Kurumsal altyapının da kayyımlarla beraber dağıtıldığını söyleyen Çiçek, bu durumun, sokakların mobilizasyonu mümkün kılan kurumsal ağların çökmesine ve demobilizasyon yaratmasına yol açtığını söyledi. Bu kayıplar karşısında bir inşa ihtiyacı doğduğunun altını çizen Çiçek, şöyle konuştu: \"Bunun bir tanesi siyasi öznellik inşası. Ve bu siyasi öznelliğin ana adresi HDP. Ama HDP\'nin önünde de PKK\'nin silahsızlandırılması ve Kürt itirazının yeni merkezi olarak konumlanması meselesi var. HDP\'nin, şiddet meselesinde bir çözüm üretmesi, temsilci aktör olmaktan çıkıp merkez aktör olması gerektiği kanaatindeyim.\"
\'Kürt hareketi Kürdistanileştikçe Türkiyelileşebilir\'
\'Türkiyelileşme\' ve \'Kürdistanileşme\' kavramlarının birbirini besleyen iki kavram olarak algılanması gerektiğini söyleyen Çiçek, \"Kürt hareketi Kürdistanileştikçe Türkiyelileşebilir\" dedi. Bütün bu tartışmalar içerisinde daha somut, daha spesifik ve daha net bir çözüme ihtiyaç duyulduğunu belirten Çiçek, ittifak siyasetinde yeniden inşa gerektiğini ifade etti.
\"Türkiye ölçeğinde bir ittifak siyasetine ihtiyaç var\" diyen Çiçek, Kürtlerle, HDP ile konuşmak istemeyen yüzde 86\'lık bir kesim olduğunu söyledi. \"Solla, sosyalistlerle kurulan ilişkiye kıymet veriyorum ama oradan stratejik güç elde etme ihtimali yok\" ifadelerini kullanan Çiçek, Kürtlerin, Türkiye milliyetçiliğini dönüştürmek gibi bir misyonu olmadığını, sosyal demokrat siyasete destek verilebileceğini söyledi.
AK Parti teşkilatlarının çöktüğünü ancak vakıflar, cemaatler, kuran kursları, yardım dernekleri gibi yapıların gücünü koruduğunu söyleyen Çiçek, Kürtlerin de siyaseti yerelleştirerek böyle dinamikler kurması gerektiğini belirtti. Kürdistan’da yapıcı ve eleştirel bir muhalefete ihtiyaç olduğunu söyleyen Çiçek, bunun akademi ve medya alanına da taşınması gerektiğinin altını çizdi.
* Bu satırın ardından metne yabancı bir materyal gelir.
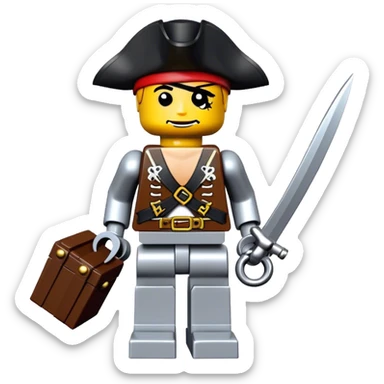 robot theme kid Lego pirate sticker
\'Türkiye’de Kürt meselesi değil Türk meselesi var\'
Panelin üçüncü oturumu, Boğaziçi Üniversitesi\'nden Doç. Dr. Bülent Küçük\'ün \'Değişen Türkiye ve Kürt Sosyolojisinin Önümüzdeki On Yıllarda Kürt Meselesine Etkileri, Kürtlerin Gelecek Perspektifi\' konulu konuşmasıyla başladı.
Türk solunun Türklüğünden, Kürtlerin karşılaştığı yapısal handikaplardan ve Türklerin nasıl Türkiyelileşeceğinden bahseden Küçük, Kürt meselesi ve Kürt siyasetinin yapısal olarak bir paradoksta kaldığını söyledi. Kürtlerin inkar edilerek piyasada ucuz iş gücü olmalarının sağlandığını belirten Küçük, Kürtlerin işçi sınıfının ana gövdesini oluşturduklarını dile getirdi. Sosyologlar olarak Kürt coğrafyasının içindeki toplumsal dönüşümü bilmediklerini söyleyen Küçük, \"Türkiye’nin batısındaki orta sınıf ile doğusundaki orta sınıf aynı mı? Kürtlerin kendi içindeki burjuva sınıfı kaç kişiden oluşuyor? Bunları bilmiyoruz. Türkiyelileşmesi gereken Kürtler midir, Türkler midir? Türkiyelileşme nedir? Kürtlerin Türkiyelileşmesi midir? Bu oturumu Türkçe konuşuyorsak bu, Türkiyelileştiğimizi göstermez mi? Türkler ne kadar Türkiyelileşti? Türkiye’de Kürt meselesi değil bir Türk meselesi var\" dedi.
HDP\'nin gözetmesi gereken noktalardan birisinin bu dönüşümü yakalamak olduğunu söyleyen Küçük, kurulan ittifakın ise bir misyondan ziyade zaruret olduğunu ifade etti.